Following the emergence of Nigerian economy as the undisputable leader in Africa, the President of Abuja Chamber of Commerce and Industry (ACCI), Prince Adetokunbo Kayode has felicitated with the Federal Government, calling for consistent pursuance of growth policies in agriculture, manufacturing and mining.
The South African economy had slumped to its second recession in two years, making Nigerian economy that grew at 2.7 percent last year and projected to grow at 2.5 percent this year the clear biggest economy on the continent.
Prior to the South African recession, decision as to which of the two African giants is the biggest has long depended on which exchange rate used for the West African nation. But now both the official naira rate of 306 per dollar and the weaker market exchange rate of around 360 that almost all investors use put Nigeria on top.
Prince Kayode noted that the Nigerian economy sustained growth at above 2 percent last year is attributable to commendable policies in the agriculture, mining and manufacturing sectors, describing the economy as being on a footing for even bigger growth this year.
“We commend the policy innovations and we urge a more robust pursuance of such pro-growth policies to cross the 3 percent growth rate this year. We are to transform the disadvantage of Coronavirus outbreak into advantage by widening scope of engagement in mining,agriculture and manufacturing sectors.
“We must now develop and expand the agricultural value chains to tap into many untapped potentials. The private sector is ever ready to support and collaborate with the government at all level to sustain current growth”, the Chamber boss said.
While lauding current reform to engage the private sector in mining and agriculture value chains, the ACCI president urged application of assets financing to curtail challenges of loan recovery, adding that the various Chambers nationwide possesses credible platform for implementation of the policy.
“To reach credible agricultural businesses, business chambers are readily available. We are open for partnership that will further drive the growth of our economy “, he stated.
Bloomberg had reported that Nigeria’s economic growth beat forecasts in the fourth quarter, helping its economy to expand the most in four years in 2019 as oil output increased and the central bank took steps to boost credit growth. GDP in the West African country stood at $476 billion or $402 billion, depending on the rate used.
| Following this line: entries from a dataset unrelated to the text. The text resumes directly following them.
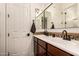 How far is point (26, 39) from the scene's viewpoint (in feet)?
Answer: 8.11

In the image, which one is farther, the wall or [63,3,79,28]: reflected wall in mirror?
the wall

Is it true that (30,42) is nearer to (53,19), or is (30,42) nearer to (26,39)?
(26,39)

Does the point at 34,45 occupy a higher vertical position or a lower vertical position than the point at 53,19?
lower

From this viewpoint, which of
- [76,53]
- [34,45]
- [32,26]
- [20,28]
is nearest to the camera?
[76,53]

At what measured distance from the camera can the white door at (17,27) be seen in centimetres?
211

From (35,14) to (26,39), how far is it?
49cm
South Africa’s economy went in the opposite direction. It slumped into a second recession in consecutive years, contracting more than projected in the fourth quarter as power cuts weighed on output and business confidence.
For the full year, expansion was 0.2%, the least since the global financial crisis, and even less than the central bank and government estimated. Based on an average rand-dollar exchange rate of 14.43 for the year, GDP was $352 billion.
South Africa’s weak growth adds to pressure on the central bank to lower the benchmark interest rate at its Monetary Policy Committee meeting March 19, especially after the U.S. Federal Reserve’s emergency rate cut Tuesday amid risks from the spread of the coronavirus.
Projections show Nigeria’s economy will continue to grow faster than South Africa’s. While the International Monetary Fund (IMF) cut its forecast for Nigeria’s 2020 growth to 2% from 2.5% last month, due to lower oil prices, South Africa’s GDP is forecast to expand only 0.8%.